China, Russia and France would far rather end sanctions against Iraq and do lucrative business deals with the Iraqi regime; they have consistently argued against using military force against Saddam on the UN Security Council. The Arab world is so frustrated by America's failure to hold Israel to its commitments under the Oslo peace accords that it would erupt in fury if U.S. forces attacked a fellow Arab state, even deeply unloved Iraq.
But if a newly elevated Al Gore ordered the same strikes, and accompanied them with hints of a harder line against Israel and a softer one on Iran, the reaction in the Middle East would be very different. Nobody in the region really loves Saddam Hussein.
Could a Gore administration take the risk of reconciliation with Iran? The door is open, in the sense that Iranian President Mohammed Khatemi, elected last year by a landslide vote, has already made the initial overtures in public. It has been almost 20 years since the hostage incident at the American embassy in Tehran, and it is probably politically safe to close the books on it now.

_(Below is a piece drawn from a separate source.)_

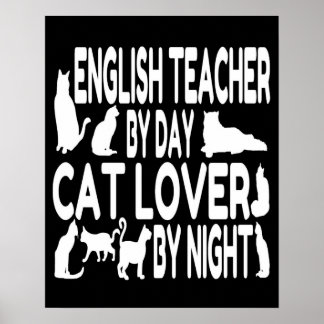 Póster Profesor de inglés de Cat Lover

More importantly, could Gore do what Clinton never dared, and bring real political pressure on Israel to honor its agreement with the Palestinians? Israeli Prime Minister Benjamin Netanyahu is so brazenly contemptuous of Clinton that he spent most of his recent visit to the U.S. patronizing extreme right-wing talks shows that have made a career of slandering the beleaguered president, but it was never clear if Clinton's timidity was wholly rational.
Most American Jews vote, and most of them vote Democratic, so it is certainly important for a Democratic presidential candidate not to alienate them. Increasingly, the Political Action Committees and other fund-raising bodies within the Jewish community have come under the influence of hard-line ultra- Zionists who back Netanyahu all the way, and they scared the pants off Clinton.
But there is a gulf between these PACs and mainstream opinion among American Jews, which is deeply concerned about where Netanyahu's militant policies are taking Israel. An adroit political operator could exploit that gulf to fashion a new American strategy in the Middle East, and build himself an impressive reputation as a peacemaker in the process.
There is some doubt whether Al Gore could be that man: 'adroit political operator' is not the phrase that springs to mind when his name comes up. But Bill Clinton's early departure from the scene would change everything in the Middle East -- and the first person to feel the effect of the change would certainly be Saddam Hussein.